Items from a dataset
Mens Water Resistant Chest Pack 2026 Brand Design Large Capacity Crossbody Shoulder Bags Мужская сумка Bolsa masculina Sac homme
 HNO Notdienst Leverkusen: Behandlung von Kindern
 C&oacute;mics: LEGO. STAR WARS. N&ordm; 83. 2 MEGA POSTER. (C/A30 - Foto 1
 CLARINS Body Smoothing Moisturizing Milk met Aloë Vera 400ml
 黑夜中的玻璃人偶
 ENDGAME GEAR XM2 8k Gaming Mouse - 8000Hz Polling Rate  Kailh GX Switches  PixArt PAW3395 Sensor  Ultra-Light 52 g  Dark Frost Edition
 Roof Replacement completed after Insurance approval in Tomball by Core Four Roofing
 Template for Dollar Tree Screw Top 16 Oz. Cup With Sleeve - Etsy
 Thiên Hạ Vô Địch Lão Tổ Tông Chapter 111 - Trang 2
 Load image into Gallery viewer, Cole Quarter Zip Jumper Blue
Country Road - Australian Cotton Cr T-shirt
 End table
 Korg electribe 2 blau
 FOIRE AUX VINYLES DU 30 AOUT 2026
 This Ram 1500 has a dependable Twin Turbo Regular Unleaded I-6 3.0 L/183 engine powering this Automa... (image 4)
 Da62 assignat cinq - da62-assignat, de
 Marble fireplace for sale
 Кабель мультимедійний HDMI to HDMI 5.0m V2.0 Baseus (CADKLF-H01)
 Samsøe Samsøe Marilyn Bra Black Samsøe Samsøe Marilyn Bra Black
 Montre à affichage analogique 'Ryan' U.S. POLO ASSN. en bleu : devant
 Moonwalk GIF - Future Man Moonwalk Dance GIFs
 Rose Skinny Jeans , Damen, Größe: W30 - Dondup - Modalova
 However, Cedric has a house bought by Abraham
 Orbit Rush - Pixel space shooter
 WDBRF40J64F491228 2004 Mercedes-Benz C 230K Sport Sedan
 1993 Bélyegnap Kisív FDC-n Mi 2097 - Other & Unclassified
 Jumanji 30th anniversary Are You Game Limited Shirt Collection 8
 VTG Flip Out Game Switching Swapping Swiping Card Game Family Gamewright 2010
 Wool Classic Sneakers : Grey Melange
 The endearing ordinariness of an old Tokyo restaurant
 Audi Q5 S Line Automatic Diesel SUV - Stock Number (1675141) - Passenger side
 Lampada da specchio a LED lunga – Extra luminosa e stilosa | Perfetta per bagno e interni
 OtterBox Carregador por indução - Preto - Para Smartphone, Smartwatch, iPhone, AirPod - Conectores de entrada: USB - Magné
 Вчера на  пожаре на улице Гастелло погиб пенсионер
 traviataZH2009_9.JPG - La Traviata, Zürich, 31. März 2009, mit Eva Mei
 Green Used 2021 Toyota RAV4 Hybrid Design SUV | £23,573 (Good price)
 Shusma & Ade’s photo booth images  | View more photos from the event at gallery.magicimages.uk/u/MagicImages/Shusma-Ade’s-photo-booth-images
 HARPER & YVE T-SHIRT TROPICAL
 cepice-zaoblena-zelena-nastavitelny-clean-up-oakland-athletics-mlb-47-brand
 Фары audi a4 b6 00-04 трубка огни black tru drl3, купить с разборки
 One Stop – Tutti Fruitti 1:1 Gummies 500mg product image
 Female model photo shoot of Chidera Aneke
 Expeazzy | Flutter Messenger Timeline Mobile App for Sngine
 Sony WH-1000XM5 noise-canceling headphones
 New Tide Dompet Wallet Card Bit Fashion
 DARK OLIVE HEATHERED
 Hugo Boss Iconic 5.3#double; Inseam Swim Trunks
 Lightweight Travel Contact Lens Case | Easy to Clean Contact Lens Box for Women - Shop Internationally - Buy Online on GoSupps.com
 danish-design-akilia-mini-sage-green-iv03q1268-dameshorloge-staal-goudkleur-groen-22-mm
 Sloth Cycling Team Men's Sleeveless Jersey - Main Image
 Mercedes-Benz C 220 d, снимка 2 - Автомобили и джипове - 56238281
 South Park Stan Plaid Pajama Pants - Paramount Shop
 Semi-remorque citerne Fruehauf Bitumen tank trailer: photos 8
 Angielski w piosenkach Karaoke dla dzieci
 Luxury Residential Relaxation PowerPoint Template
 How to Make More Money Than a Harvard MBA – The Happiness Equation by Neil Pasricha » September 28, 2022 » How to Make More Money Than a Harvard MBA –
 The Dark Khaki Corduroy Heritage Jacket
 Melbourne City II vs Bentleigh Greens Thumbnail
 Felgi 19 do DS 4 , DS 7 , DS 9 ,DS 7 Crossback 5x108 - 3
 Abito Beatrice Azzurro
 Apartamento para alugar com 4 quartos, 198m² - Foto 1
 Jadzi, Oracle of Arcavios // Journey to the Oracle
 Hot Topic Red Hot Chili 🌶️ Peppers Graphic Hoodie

→ PROBLEM STATEMENT
Your answer must be the line with "South Park Stan" and all lines after it through the final line of the entries, copied exactly and with nothing added.

→ TASK OUTPUT
 South Park Stan Plaid Pajama Pants - Paramount Shop
 Semi-remorque citerne Fruehauf Bitumen tank trailer: photos 8
 Angielski w piosenkach Karaoke dla dzieci
 Luxury Residential Relaxation PowerPoint Template
 How to Make More Money Than a Harvard MBA – The Happiness Equation by Neil Pasricha » September 28, 2022 » How to Make More Money Than a Harvard MBA –
 The Dark Khaki Corduroy Heritage Jacket
 Melbourne City II vs Bentleigh Greens Thumbnail
 Felgi 19 do DS 4 , DS 7 , DS 9 ,DS 7 Crossback 5x108 - 3
 Abito Beatrice Azzurro
 Apartamento para alugar com 4 quartos, 198m² - Foto 1
 Jadzi, Oracle of Arcavios // Journey to the Oracle
 Hot Topic Red Hot Chili 🌶️ Peppers Graphic Hoodie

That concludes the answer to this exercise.